Reading:  I’ve knocked out some pretty good books.  I read all of Kate Wrath’s E series, five books in all.  I finished Orson Scott Card’s VISITORS and Paul Draker’s NEW YEAR ISLAND (wish I would have tried that one sooner, because it was really good).  I read William Malmborg’s Halloween homage, SANTA TOOK THEM, and J. Stirling Robertson’s SEPSIS.  Then I finished two or three Robert Crais books, including the non-Pike, non-Cole book SUSPECT.  Lots of good reads in there.  Those are the ones I can remember off the top of my head and skimming the Kindle.

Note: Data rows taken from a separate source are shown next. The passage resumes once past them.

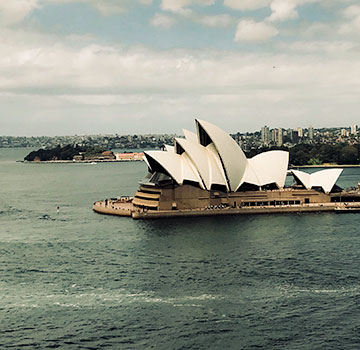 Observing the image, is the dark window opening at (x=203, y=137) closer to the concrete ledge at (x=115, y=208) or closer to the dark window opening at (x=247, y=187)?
the dark window opening at (x=247, y=187)

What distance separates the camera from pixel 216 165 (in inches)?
2446

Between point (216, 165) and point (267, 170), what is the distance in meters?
7.35

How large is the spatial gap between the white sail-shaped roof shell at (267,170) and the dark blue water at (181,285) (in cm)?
965

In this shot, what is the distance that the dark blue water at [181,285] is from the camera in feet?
86.0

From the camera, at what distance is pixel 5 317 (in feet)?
94.3

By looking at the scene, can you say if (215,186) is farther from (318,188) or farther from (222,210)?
(318,188)

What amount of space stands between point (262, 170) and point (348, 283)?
33.6 meters


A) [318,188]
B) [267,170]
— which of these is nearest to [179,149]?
[267,170]

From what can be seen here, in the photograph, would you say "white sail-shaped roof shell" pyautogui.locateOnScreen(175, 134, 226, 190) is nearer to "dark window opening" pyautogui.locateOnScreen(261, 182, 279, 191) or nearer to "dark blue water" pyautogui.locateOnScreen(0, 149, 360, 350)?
"dark window opening" pyautogui.locateOnScreen(261, 182, 279, 191)

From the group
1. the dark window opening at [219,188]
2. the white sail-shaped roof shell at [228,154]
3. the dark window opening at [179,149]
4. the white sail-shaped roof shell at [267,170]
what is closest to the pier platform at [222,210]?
the dark window opening at [219,188]

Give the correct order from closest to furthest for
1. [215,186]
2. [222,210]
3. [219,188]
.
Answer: [222,210], [215,186], [219,188]

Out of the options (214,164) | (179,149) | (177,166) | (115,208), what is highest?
(179,149)

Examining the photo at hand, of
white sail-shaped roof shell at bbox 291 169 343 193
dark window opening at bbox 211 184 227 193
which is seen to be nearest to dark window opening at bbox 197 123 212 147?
dark window opening at bbox 211 184 227 193

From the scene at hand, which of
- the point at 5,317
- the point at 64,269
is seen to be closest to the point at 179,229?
the point at 64,269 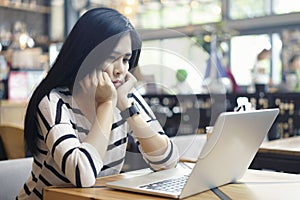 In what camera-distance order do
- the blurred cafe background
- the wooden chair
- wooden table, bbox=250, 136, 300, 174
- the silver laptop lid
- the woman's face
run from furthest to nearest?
the blurred cafe background, the wooden chair, wooden table, bbox=250, 136, 300, 174, the woman's face, the silver laptop lid

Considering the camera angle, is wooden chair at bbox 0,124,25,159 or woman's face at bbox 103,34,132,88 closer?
woman's face at bbox 103,34,132,88

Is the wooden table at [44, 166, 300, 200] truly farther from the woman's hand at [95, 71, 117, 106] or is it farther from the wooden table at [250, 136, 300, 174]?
the wooden table at [250, 136, 300, 174]

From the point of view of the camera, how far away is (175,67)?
1.21 m

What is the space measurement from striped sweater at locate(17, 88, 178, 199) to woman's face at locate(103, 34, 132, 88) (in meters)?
0.16

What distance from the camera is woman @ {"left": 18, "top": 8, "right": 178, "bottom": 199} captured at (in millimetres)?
1208

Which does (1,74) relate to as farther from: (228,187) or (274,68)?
(228,187)

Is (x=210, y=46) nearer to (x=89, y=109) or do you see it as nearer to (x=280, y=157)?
(x=280, y=157)

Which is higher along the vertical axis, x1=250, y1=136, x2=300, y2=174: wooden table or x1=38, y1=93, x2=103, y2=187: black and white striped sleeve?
x1=38, y1=93, x2=103, y2=187: black and white striped sleeve

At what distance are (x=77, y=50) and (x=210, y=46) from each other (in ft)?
12.3

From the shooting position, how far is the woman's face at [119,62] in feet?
4.12

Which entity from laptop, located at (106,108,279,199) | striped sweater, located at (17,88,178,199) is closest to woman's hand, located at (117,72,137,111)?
striped sweater, located at (17,88,178,199)

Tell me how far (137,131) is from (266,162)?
838mm

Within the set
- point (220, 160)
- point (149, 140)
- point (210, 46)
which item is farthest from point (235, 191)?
point (210, 46)

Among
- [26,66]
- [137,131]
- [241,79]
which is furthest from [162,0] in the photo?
[137,131] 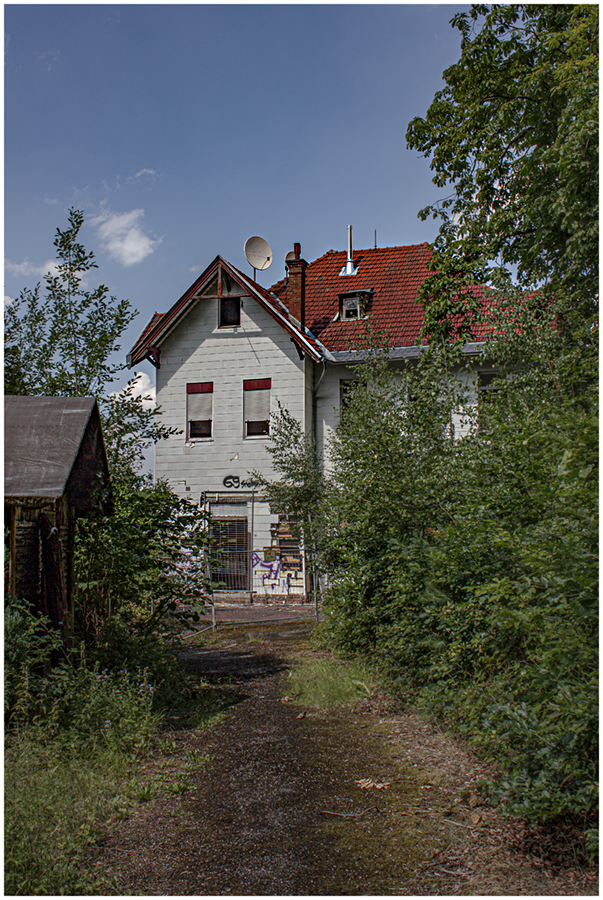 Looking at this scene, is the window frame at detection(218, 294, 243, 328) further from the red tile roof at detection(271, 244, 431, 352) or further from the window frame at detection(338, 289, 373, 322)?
the window frame at detection(338, 289, 373, 322)

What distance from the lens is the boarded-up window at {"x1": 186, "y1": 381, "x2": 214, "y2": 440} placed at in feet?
70.5

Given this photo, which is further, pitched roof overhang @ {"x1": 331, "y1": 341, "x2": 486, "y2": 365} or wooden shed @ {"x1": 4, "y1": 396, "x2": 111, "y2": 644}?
pitched roof overhang @ {"x1": 331, "y1": 341, "x2": 486, "y2": 365}

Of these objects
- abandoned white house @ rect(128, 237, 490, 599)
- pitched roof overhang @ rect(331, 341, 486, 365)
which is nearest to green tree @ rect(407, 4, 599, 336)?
pitched roof overhang @ rect(331, 341, 486, 365)

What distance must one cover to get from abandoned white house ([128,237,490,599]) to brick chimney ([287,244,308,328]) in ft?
0.10

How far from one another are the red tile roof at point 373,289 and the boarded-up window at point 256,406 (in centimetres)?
239

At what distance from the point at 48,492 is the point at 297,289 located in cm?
1580

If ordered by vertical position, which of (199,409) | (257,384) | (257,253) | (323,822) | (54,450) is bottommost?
(323,822)

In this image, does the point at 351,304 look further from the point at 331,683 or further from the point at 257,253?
the point at 331,683

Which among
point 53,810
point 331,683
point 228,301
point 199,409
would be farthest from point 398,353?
point 53,810

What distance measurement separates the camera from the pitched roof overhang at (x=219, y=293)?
20047 millimetres

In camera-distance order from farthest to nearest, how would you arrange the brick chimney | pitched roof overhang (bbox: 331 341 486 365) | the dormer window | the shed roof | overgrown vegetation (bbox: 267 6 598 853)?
the dormer window < the brick chimney < pitched roof overhang (bbox: 331 341 486 365) < the shed roof < overgrown vegetation (bbox: 267 6 598 853)

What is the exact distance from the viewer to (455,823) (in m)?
4.44

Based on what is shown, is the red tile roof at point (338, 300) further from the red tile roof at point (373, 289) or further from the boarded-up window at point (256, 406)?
the boarded-up window at point (256, 406)

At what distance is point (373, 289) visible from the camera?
22.0 metres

I hope to be a bit more active here in the future.  And I hope to have a new book announcement soon.

Take care.

*****

 

Independent Fiction

I was looking at the books I’ve downloaded on my Kindle and they are probably 95% by indie authors.  That’s pretty amazing, really, considering that a few years ago I didn’t know anything about the field.

I remember how I started downloading books by indie authors.  The first one I did was a book called BONE SHOP by Tim “TA” Pratt.  It is an urban fantasy, the fifth book in a series that had previously been published by a BPH imprint but was dropped after the fourth book.  Why, I don’t exactly know.  Was it not selling?  I bought the first four at Barnes and Noble bookstores, where they had exactly one copy on the shelf.  I always looked when I’d go back in to see if they had anything else by Pratt, and once I bought the single copy of whichever they had, well, that was it.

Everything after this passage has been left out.